Ti Alkire and Carol Rosen trace the changes that led from colloquial Latin to five major Romance languages, those which ultimately became national or transnational Spanish, French, Italian, Portuguese, and Romanian. Trends in spoken Latin altered or dismantled older categories in phonology and morphology, while the regional varieties of speech, evolving under diverse influences, formed new grammatical patterns, each creating its own internal regularities. Documentary sources for spoken Latin show the beginnings of this process, which comes to full fruition in the medieval emergence of written Romance languages. This book newly distills the facts into an appealing program of study, including exercises, and makes the difficult issues clear, taking well motivated and sometimes innovative stands. It provides not only an essential guide for those new to the topic, but also a reliable compendium for the specialist.
A good book actually! I managed to appreciate it even more after having read a terrible book in Italian about the same topic... So the book gives a good insight about how the Vulgar Latin turns into various regional vernaculars who each on their own account turned into neo-Latin languages eventually getting down to what we know today as Italian, Spanish, French and Catalan... Although there are several other languages descending from Latin this book limits its prospective to those which have a high number of speakers or a more extended literary backgrounds. You do not necessarily need a broad Latin knowledge to keep up with it.
ROMANCE LANGUAGES: A Historical Introduction by Ti Alkire and Carol Rosen is a textbook describing the phonological and morphological changes that produced the major varieties of Romance out of late Vulgar Latin. The textbook assumes prior experience with linguistics (namely a general linguistics course and a historical linguistics course) and at least a couple of years of Classical Latin. There's quite a few Romance languages, some of which are little-known. The authors have chosen to focus on five in this textbook: Italian, French, Spanish, Portuguese and Romanian. Occitan, Rhaeto-Romance, Aromanian and Dalmatian, not to mention the host of regional Italian dialects that could be viewed as separate languages, are thus not covered. The first eight chapters cover Italian, French and Spanish together. The remaining two languages, Portuguese and Romanian, get their own chapters, though the Italian-French-Spanish portion is a necessary prerequisite as terminology introduced in the first portion of the book is frequently referred to. The final chapters cover the formation of the Romance lexicon and the timeline of the emergence of the Romance languages.
It is nice to see Romanian covered in such detail, with some mention even of dialectal features and obscure verb conjugations. Unfortunately the authors have unquestionably adopted Dacian Continuity Theory -- the belief that Romanians are descendants of the indigenous population vanquished by Trajan, instead of migrants from considerably further south who reached their present home nearly a millennium later. This leads the authors to make all kinds of claims about what kind of Latin "reached Dacia".
While I read the book outside of a course, I nonetheless enjoyed its textbook features.
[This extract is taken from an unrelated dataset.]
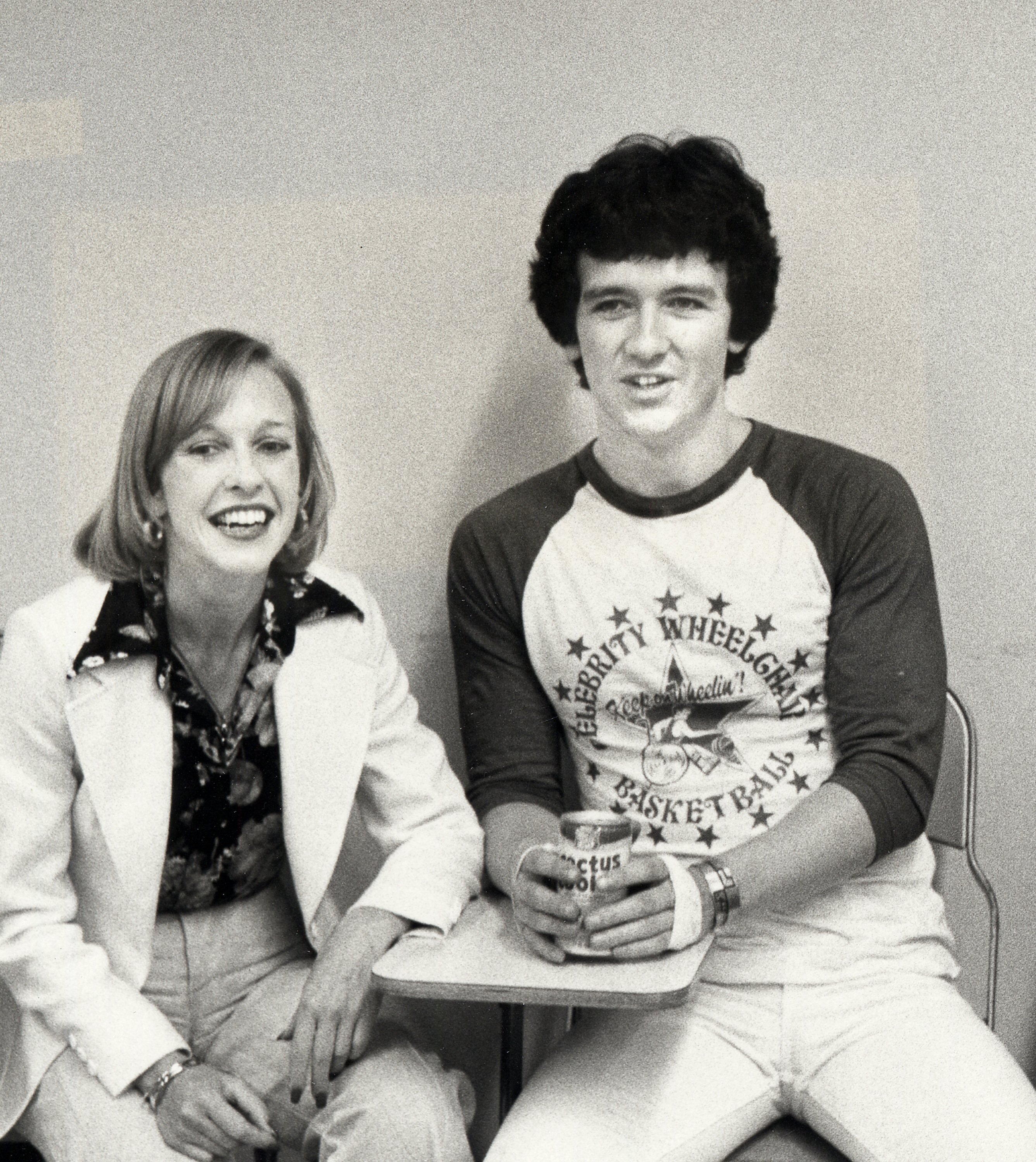 Patrick Duffy and wife Carlyn Rosser attend a basketball game at California State University on May 22, 1977 in Northridge. | Photo: Getty Images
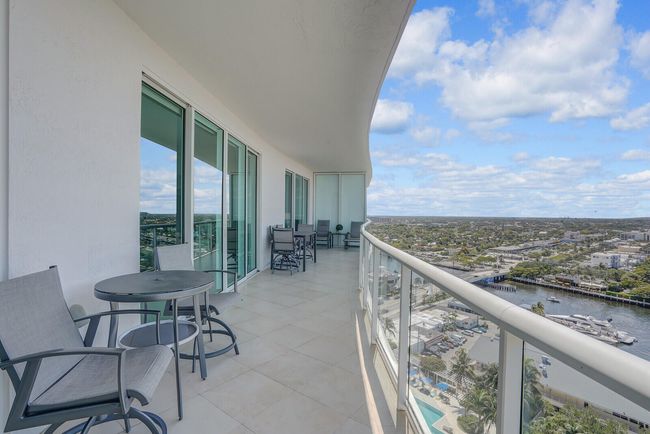 APT-1708 - 1 N Ocean Blvd, Condo with 2 bedrooms, 2 bathrooms and null parking in Pompano Beach FL | Image 25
There are exercises at the end of each chapter that let you flex your diachronic linguistics muscles, and the authors present a good many mnemonic devices to help you retain the sound changes. The bibliography at the end will spur you on to more specialized treatment of these historical phenomena.
Good book for class. Tons of examples and stuff on most linguistic domains, but deducting a point for the glaring omission of historical and regional pragmatics
An excellent guide and reference to the historical development of the Romance languages. Indispensable reference for historical (Romance) linguists, Latinists, and anyone else interested in the transition from Latin to the Romance languages; also, a good starting point for those interested in the historical linguistics of a specific Romance language.